Dai vecchi tagli, infatti, nell’ambito del nuovo tessuto che da essi si origina, si formano normalmente molti apici gemmari da cui si evolveranno ulteriori germogli che sovente il viticoltore è tentato a scegliere per il loro buon vigore. La loro affidabilità non è piena, sia per la loro resistenza meccanica, limitata in quanto si originano in prossimità di una parte morta, sia per la vigoria futura. È infatti opportuno considerare che attraverso queste parti dovrà garantirsi l’efficienza fisiologica di una massa di vegetazione futura ben superiore rispetto a quella dell’unico getto prescelto, seppur esso manifestasse ottima vigoria. Se possibile quindi è da preferire la scelta dello sperone fruendo di getti provenienti direttamente da parti sane del ceppo, originatisi quindi solo da gemme latenti. Questi sono però molto più rari. Ancor di più, pertanto, si evidenzia l’importanza della formazione del nuovo sperone proveniente da quello vecchio, rispettando così la corretta gerarchia delle ramificazioni e ricorrendo il meno possibile ad amputazioni della massa legnosa. Pur se di tanto in tanto necessarie, riducendone il numero nel corso dell’intera vita delle piante, si aumenta la longevità del vigneto e la sua qualità produttiva.

Rimane quindi la scelta del capo a frutto, vale a dire quel tralcio destinato a fornire l’intera massa vegetativa e produttiva dell’annata in corso.

Il capo a frutto

Sovente il viticoltore pone le maggiori attenzioni per questa struttura che, pur se importante, non è da dimenticare che la sua durata è solo di un anno.

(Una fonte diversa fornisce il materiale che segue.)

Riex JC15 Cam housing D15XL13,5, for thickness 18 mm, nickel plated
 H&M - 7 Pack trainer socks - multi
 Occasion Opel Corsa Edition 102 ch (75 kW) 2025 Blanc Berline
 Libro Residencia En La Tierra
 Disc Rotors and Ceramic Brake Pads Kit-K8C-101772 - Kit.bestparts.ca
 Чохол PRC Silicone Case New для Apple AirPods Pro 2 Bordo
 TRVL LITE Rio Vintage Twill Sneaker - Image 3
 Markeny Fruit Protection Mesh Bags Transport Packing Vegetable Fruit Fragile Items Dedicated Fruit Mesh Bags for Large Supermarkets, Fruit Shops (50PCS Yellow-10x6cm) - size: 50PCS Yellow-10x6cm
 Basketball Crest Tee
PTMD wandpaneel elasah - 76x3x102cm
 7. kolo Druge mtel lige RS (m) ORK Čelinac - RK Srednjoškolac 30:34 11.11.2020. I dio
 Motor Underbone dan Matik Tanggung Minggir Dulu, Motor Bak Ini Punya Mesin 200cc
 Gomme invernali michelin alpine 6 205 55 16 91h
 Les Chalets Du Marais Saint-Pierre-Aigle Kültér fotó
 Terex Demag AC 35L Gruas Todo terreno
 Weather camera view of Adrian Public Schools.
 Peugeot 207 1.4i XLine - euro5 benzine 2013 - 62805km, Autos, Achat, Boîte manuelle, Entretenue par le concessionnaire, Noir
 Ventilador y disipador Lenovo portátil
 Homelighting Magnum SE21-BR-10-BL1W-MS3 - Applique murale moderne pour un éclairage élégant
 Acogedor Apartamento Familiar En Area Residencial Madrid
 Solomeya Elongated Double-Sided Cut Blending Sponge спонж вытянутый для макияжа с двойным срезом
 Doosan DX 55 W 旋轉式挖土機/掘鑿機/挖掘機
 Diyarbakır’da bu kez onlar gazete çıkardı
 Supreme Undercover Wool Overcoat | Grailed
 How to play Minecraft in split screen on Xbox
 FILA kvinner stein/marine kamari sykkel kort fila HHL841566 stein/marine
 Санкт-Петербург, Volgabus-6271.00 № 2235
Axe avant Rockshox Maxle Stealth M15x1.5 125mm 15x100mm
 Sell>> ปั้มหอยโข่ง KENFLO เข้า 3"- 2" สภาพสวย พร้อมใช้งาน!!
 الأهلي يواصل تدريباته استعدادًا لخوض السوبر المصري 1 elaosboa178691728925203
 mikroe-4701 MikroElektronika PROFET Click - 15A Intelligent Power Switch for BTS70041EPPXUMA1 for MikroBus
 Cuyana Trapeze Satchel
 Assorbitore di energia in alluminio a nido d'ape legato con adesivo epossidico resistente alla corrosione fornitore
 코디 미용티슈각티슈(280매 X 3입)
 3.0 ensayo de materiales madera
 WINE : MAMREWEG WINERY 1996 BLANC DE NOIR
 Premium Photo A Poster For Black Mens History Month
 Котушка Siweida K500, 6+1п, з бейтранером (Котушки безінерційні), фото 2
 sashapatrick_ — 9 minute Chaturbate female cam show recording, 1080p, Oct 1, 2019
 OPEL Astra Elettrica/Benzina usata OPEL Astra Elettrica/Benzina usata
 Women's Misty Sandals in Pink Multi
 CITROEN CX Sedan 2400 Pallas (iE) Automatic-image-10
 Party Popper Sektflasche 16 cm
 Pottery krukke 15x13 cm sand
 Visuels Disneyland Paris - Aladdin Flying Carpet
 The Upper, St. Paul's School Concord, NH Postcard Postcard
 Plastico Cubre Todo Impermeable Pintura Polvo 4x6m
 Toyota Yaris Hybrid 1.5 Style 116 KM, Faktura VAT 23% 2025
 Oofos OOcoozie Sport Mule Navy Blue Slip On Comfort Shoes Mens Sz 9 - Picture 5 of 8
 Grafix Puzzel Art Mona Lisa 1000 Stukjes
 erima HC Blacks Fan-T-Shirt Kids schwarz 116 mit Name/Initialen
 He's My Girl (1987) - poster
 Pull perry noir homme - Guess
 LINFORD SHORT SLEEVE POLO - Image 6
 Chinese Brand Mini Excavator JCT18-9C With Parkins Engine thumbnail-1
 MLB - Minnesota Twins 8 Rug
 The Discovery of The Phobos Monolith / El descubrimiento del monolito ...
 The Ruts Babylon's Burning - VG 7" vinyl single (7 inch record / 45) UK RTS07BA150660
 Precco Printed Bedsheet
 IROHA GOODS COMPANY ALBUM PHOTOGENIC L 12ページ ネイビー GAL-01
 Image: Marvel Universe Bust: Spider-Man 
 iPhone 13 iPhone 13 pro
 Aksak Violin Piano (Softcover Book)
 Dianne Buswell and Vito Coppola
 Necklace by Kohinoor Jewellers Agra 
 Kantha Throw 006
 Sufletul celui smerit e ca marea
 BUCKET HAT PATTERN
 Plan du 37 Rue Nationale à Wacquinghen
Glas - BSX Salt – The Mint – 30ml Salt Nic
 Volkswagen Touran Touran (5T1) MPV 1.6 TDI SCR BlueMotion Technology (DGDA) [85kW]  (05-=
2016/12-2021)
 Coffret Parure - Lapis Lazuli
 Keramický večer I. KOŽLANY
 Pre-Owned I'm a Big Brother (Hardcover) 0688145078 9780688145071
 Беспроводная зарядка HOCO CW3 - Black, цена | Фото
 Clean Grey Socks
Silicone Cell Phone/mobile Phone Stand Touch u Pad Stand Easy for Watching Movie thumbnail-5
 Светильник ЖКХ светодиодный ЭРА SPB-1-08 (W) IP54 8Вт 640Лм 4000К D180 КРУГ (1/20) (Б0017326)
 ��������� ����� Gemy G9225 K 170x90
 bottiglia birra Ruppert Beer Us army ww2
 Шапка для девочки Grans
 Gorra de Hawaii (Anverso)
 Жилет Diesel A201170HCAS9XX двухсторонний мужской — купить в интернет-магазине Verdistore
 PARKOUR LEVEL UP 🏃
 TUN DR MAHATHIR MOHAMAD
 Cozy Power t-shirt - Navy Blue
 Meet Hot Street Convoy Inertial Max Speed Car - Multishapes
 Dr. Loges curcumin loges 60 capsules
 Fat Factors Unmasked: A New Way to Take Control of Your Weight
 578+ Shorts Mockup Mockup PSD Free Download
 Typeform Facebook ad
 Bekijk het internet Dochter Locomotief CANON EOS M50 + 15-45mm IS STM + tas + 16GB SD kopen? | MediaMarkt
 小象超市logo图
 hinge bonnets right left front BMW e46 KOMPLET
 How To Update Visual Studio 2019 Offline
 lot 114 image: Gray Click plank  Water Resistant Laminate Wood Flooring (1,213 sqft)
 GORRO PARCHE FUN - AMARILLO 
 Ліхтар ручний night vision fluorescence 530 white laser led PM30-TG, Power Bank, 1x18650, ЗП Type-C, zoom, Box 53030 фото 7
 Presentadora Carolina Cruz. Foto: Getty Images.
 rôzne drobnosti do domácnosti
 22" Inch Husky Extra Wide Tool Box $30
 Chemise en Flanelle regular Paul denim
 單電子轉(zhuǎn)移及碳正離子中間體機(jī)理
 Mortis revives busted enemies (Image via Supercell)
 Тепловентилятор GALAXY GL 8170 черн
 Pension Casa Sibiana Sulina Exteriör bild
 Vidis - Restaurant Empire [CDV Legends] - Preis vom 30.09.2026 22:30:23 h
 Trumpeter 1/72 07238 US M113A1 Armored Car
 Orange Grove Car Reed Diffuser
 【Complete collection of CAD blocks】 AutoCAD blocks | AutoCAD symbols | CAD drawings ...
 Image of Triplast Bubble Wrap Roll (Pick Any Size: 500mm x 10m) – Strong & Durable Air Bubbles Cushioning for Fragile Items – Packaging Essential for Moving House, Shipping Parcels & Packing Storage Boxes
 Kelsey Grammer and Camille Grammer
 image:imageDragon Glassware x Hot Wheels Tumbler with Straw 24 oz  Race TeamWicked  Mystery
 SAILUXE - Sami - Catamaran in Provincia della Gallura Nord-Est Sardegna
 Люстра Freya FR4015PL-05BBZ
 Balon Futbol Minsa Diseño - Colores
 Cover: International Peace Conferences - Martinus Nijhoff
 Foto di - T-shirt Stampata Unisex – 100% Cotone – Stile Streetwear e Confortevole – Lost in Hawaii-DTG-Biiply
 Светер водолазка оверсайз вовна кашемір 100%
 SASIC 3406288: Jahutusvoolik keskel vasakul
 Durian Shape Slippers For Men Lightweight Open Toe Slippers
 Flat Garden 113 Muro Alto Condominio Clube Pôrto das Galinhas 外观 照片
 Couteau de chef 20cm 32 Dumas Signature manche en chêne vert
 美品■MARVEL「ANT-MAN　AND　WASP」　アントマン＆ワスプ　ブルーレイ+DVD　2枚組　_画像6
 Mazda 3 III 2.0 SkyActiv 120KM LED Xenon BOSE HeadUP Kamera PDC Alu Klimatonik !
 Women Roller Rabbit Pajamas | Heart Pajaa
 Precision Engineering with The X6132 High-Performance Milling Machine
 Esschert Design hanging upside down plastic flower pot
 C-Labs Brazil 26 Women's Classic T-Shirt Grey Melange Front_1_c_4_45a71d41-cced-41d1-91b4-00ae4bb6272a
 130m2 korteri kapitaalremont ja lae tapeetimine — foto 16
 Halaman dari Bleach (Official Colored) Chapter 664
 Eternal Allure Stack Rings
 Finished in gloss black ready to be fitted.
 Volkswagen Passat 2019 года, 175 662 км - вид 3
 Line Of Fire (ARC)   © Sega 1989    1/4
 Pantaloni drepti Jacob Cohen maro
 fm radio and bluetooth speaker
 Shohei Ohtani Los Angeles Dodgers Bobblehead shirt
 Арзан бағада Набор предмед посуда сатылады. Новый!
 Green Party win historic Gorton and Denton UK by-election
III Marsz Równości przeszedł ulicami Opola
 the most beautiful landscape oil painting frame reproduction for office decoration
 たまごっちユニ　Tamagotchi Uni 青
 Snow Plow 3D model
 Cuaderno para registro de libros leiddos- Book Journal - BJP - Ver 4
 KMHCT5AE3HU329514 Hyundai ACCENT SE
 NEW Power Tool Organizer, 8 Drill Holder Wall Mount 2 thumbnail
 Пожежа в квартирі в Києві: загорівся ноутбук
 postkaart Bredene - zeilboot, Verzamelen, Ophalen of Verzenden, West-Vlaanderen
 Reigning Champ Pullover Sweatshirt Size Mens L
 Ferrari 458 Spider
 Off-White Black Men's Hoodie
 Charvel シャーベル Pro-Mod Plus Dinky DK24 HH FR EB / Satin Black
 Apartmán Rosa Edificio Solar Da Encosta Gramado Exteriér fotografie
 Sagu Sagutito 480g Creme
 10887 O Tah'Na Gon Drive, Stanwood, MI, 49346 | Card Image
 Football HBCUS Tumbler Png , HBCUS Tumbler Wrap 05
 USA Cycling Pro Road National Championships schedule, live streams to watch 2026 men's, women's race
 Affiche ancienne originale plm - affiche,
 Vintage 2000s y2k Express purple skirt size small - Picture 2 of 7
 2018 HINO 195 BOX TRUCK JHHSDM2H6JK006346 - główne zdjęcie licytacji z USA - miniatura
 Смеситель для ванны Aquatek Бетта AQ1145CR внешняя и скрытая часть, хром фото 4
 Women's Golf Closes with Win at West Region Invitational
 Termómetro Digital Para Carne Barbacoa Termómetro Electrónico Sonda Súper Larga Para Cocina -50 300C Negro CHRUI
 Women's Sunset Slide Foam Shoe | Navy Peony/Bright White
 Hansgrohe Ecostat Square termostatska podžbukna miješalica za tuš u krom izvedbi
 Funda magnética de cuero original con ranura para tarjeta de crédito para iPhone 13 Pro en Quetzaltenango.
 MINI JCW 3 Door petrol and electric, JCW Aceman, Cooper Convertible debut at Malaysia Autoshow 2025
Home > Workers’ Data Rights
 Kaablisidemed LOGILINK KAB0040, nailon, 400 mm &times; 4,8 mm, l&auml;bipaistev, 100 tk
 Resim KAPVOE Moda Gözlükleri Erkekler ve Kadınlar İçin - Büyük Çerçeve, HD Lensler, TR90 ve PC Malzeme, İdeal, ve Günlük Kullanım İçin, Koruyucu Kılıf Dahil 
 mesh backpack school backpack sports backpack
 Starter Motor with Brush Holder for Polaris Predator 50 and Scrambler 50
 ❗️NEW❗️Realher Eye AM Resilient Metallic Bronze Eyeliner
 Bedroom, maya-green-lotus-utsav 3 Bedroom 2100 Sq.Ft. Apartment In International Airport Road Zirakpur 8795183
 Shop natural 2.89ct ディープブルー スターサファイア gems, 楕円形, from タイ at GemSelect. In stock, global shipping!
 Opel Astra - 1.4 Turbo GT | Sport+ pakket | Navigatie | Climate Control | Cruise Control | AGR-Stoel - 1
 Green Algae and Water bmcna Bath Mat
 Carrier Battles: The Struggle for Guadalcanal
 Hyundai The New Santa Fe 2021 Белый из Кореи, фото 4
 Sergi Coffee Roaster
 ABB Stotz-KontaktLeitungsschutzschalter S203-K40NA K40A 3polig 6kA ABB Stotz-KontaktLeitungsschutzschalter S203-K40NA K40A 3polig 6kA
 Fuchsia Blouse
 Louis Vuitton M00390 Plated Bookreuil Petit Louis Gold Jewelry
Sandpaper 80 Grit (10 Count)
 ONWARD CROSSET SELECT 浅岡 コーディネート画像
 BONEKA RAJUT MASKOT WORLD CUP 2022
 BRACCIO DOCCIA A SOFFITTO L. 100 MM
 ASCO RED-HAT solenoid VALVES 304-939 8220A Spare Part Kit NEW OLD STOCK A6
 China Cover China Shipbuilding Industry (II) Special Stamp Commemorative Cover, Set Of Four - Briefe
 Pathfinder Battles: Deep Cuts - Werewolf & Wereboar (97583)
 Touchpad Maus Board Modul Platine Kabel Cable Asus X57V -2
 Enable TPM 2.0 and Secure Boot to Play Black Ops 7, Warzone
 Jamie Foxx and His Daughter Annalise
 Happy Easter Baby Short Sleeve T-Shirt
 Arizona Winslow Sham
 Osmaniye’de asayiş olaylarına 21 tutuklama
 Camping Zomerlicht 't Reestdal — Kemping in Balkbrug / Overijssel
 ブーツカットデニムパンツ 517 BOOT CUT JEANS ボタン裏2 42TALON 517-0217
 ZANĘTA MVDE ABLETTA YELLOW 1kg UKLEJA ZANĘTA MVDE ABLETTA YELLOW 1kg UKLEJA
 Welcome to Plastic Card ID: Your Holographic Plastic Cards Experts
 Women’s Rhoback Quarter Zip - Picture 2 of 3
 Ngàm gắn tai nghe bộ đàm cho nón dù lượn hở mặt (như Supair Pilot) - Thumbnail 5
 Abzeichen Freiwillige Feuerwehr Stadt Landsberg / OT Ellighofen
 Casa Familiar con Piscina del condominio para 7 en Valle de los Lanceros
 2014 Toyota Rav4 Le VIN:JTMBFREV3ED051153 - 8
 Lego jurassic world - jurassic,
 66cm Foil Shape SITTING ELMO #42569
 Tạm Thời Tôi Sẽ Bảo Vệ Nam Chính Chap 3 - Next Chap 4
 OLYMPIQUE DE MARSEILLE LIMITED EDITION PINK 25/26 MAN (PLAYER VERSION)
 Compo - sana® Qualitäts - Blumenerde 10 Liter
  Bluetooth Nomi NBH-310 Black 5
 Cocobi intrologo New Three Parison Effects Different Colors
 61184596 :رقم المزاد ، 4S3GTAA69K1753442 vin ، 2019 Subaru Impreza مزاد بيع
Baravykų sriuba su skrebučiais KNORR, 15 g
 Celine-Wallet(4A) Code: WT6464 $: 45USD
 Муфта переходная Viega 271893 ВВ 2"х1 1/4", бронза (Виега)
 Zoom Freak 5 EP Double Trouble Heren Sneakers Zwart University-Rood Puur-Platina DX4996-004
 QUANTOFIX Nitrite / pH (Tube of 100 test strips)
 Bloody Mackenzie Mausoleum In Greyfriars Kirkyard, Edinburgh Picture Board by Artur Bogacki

Oltre l’aspetto della sua capacità produttiva nella stagione successiva, ad esso è anche demandata la potenzialità vegetativa, quindi in parte il vigore, della prossima parte epigea

Da quest’ultima, la vite trae informazioni fisiologiche che trasmetterà alla successiva annata: vigore, differenziazione delle gemme miste. Tra questi due aspetti, da privilegiare è sempre il vigore che costituisce la vitalità presente e futura delle piante.

Certamente, gli accorgimenti di scelta del capo a frutto dovranno tenere conto anche della condizione del vigneto in generale. Se per esempio il vigneto fosse in uno stato di vecchiaia evidente, meglio sarebbe concentrare l’attenzione sulla conservazione della vigoria dei germogli, ancor più che sulla produzione. Meno importante è in un vigneto in equilibrio fisiologico e in piena attività produttiva.